Today we switched over from chaotic use of git to the more systematic git-flow. We made our first release, we finally have production code to track, so it is time to get organized. Here’s the fifteen-minute rundown for coworkers:
Git-flow is a methodology for using git, and a git extension that streamlines it. Here’s what you need to know.
There are two branches that last forever.
master: Every commit on master is a release version. Every commit is tagged with its version number. Before code is merged into master, it’s been through all testing and is ready for prod. If you automate production deployment, it’ll work off the master branch.
develop: Work happens on the develop branch. Small changes are direct commits here. Features will be merged in here. develop is always ready for new functionality.
There are three species of branches that come and go. First, let’s take a look at how code gets from develop to master.
release: When the app is feature-complete and ready to release to test, it’s time for a release branch. The release branch is named release/versionNumber. Release branches start from develop. Once a release branch is created, develop represents the next version of the app, while the release branch holds the version under test. Commit any fixes to the release branch.
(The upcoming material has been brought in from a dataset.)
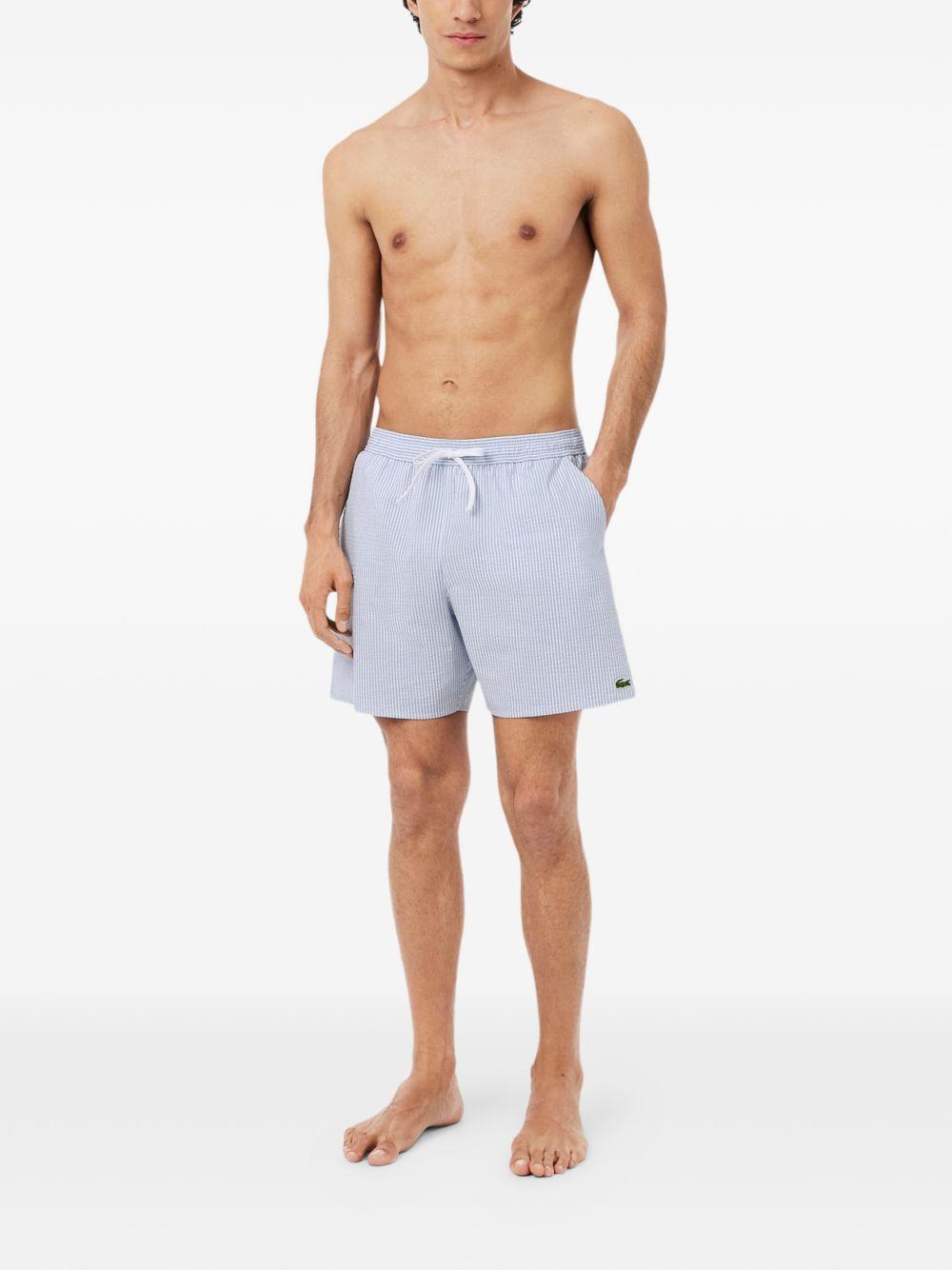 Mid-length striped swim shorts MH9089 7PM LACOSTE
When testing is complete, finish the release. The release branch is merged into master (and develop, so the fixes get into the next version). Goodbye, release branch. Your commits will remain in our tree forever, but your name is no longer needed.
The next mortal branch is familiar to git developers, even renegades like us who have been committing to master for a year.
feature: A feature is a piece of new functionality that will be include several commits, span more than a few hours of development, or be worked on by multiple people. Branching groups the commits together for posterity. It allows me to switch at will between work on the feature and fixes or investigations on develop. Starting a feature creates a feature/featureName branch off develop:
Finishing a feature merges back these commits back into develop. The feature branch is deleted, but the commits are still grouped. The merge has the feature branch name in its commit message for posterity(1). Note that a feature can start work while one release is under development, and wind up in the next release.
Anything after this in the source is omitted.